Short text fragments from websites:
┄┄┄┄┄┄
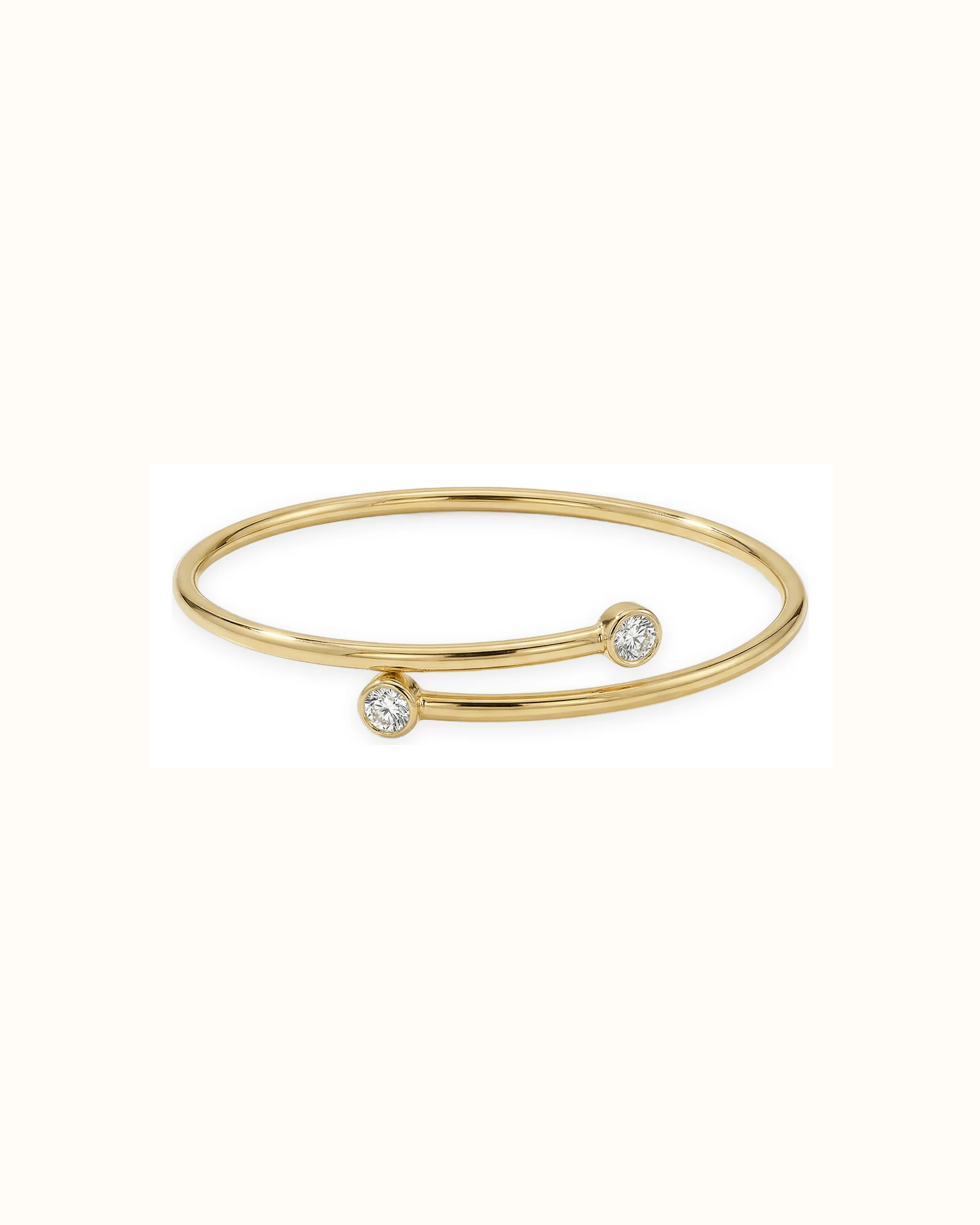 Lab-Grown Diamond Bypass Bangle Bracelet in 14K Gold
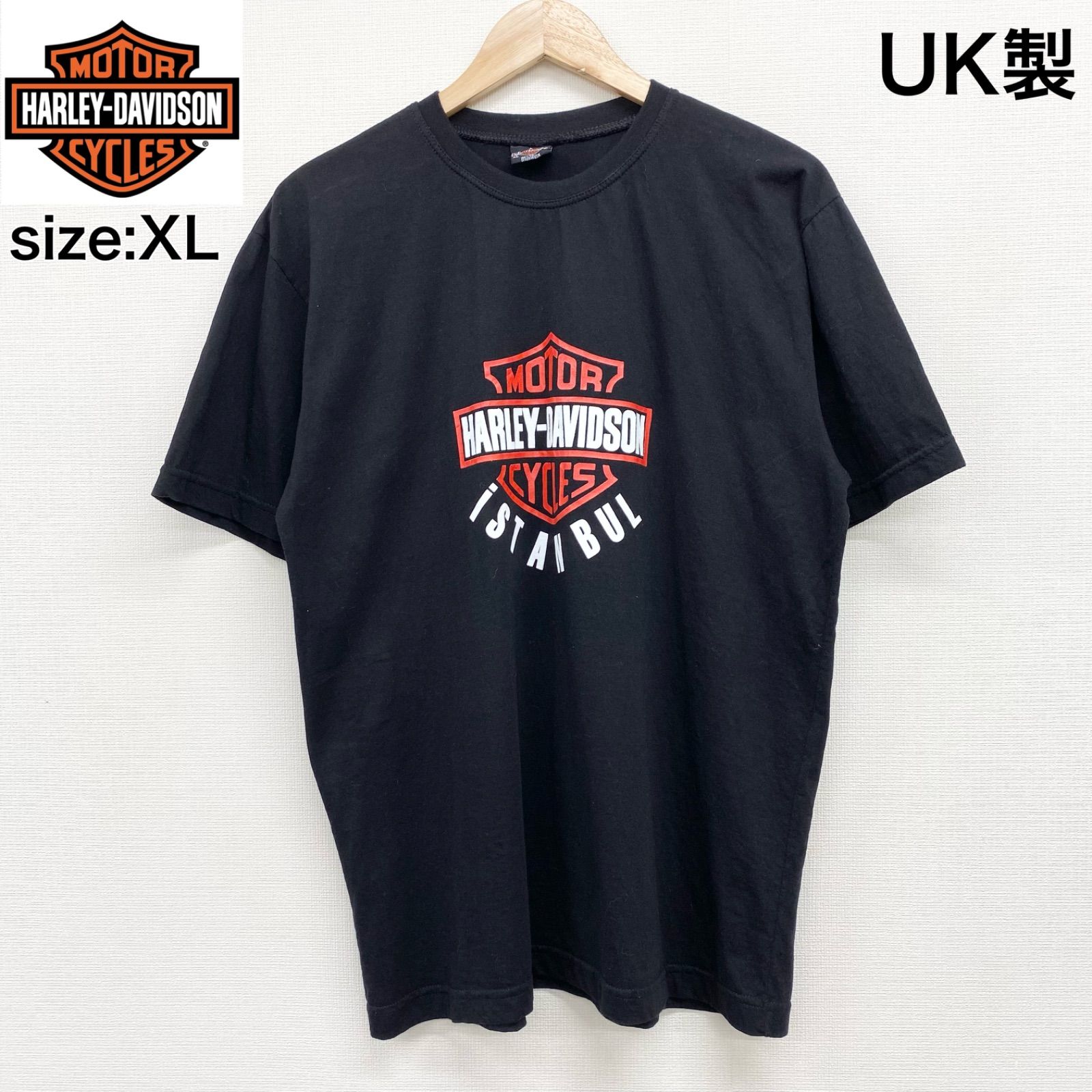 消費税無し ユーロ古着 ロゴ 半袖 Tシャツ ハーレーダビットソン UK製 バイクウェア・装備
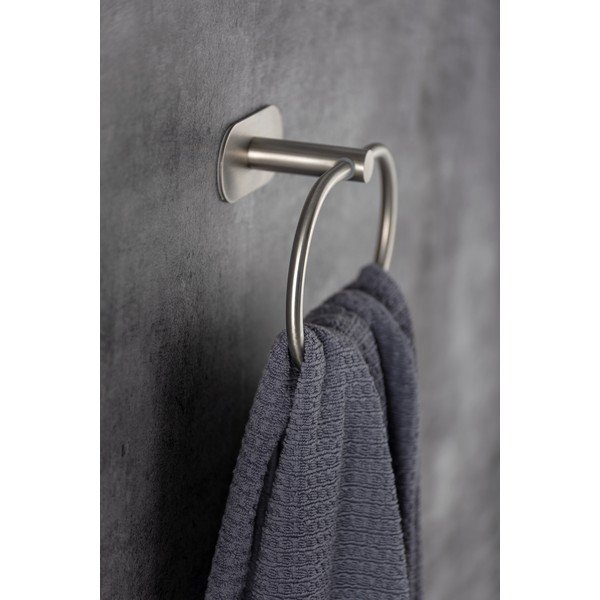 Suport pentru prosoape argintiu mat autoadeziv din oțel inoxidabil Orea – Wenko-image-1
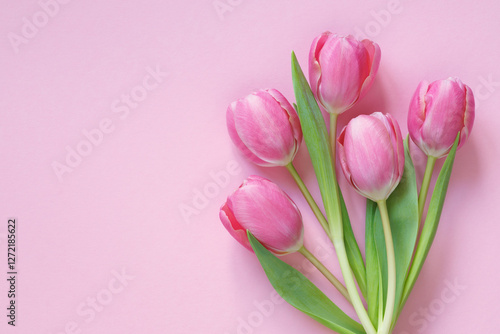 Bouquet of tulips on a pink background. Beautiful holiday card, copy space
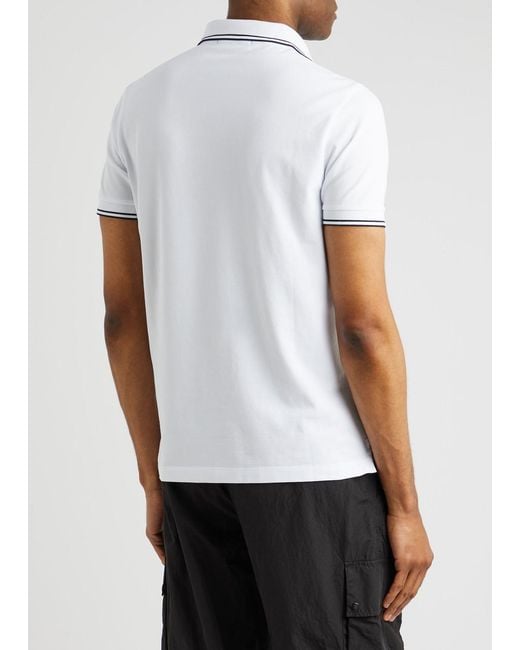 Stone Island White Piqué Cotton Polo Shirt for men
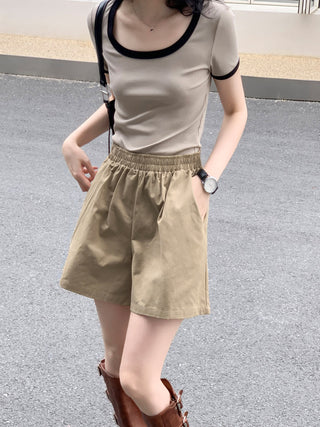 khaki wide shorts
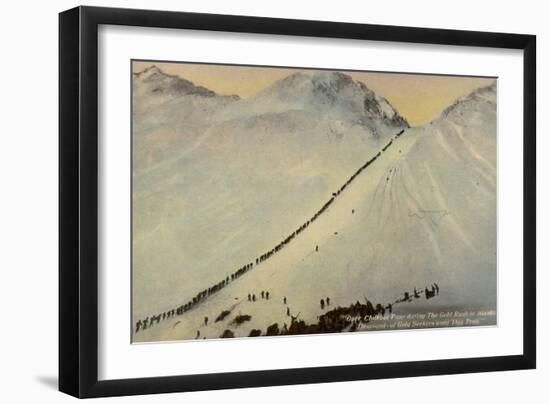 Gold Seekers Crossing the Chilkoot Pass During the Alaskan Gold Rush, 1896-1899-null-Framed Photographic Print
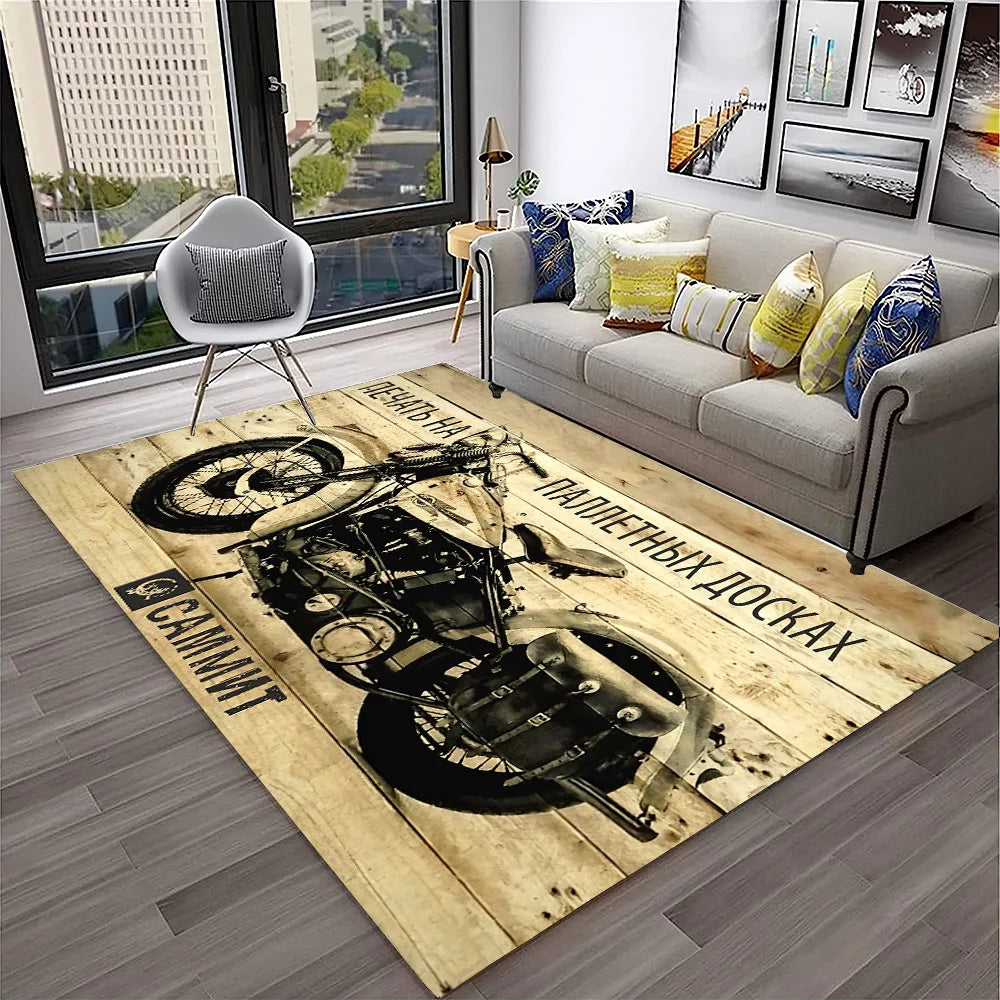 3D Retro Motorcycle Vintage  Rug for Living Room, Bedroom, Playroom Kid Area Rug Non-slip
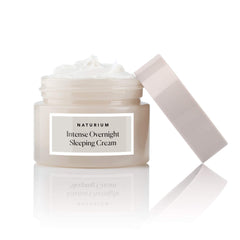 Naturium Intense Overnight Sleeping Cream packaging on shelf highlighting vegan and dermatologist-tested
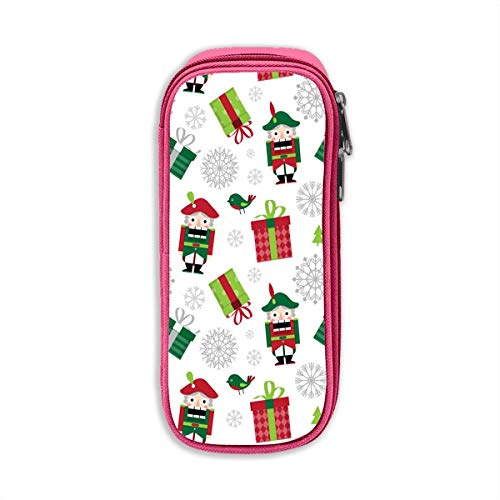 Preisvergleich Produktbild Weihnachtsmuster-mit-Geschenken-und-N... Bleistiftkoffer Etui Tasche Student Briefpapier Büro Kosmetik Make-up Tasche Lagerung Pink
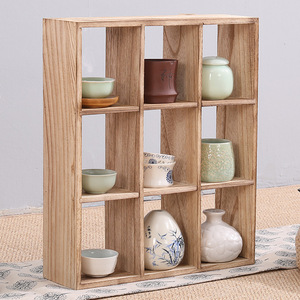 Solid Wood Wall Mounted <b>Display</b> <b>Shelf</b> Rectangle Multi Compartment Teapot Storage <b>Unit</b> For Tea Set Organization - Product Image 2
┄┄┄┄┄┄
### WHAT TO PRODUCE:
Beginning with the line with "Naturium Intense Overnight", repeat the entries above exactly, up to and including the last line, leaving out pictures.

### SOLUTION BELOW:
 Naturium Intense Overnight Sleeping Cream packaging on shelf highlighting vegan and dermatologist-tested
 Preisvergleich Produktbild Weihnachtsmuster-mit-Geschenken-und-N... Bleistiftkoffer Etui Tasche Student Briefpapier Büro Kosmetik Make-up Tasche Lagerung Pink
 Solid Wood Wall Mounted <b>Display</b> <b>Shelf</b> Rectangle Multi Compartment Teapot Storage <b>Unit</b> For Tea Set Organization - Product Image 2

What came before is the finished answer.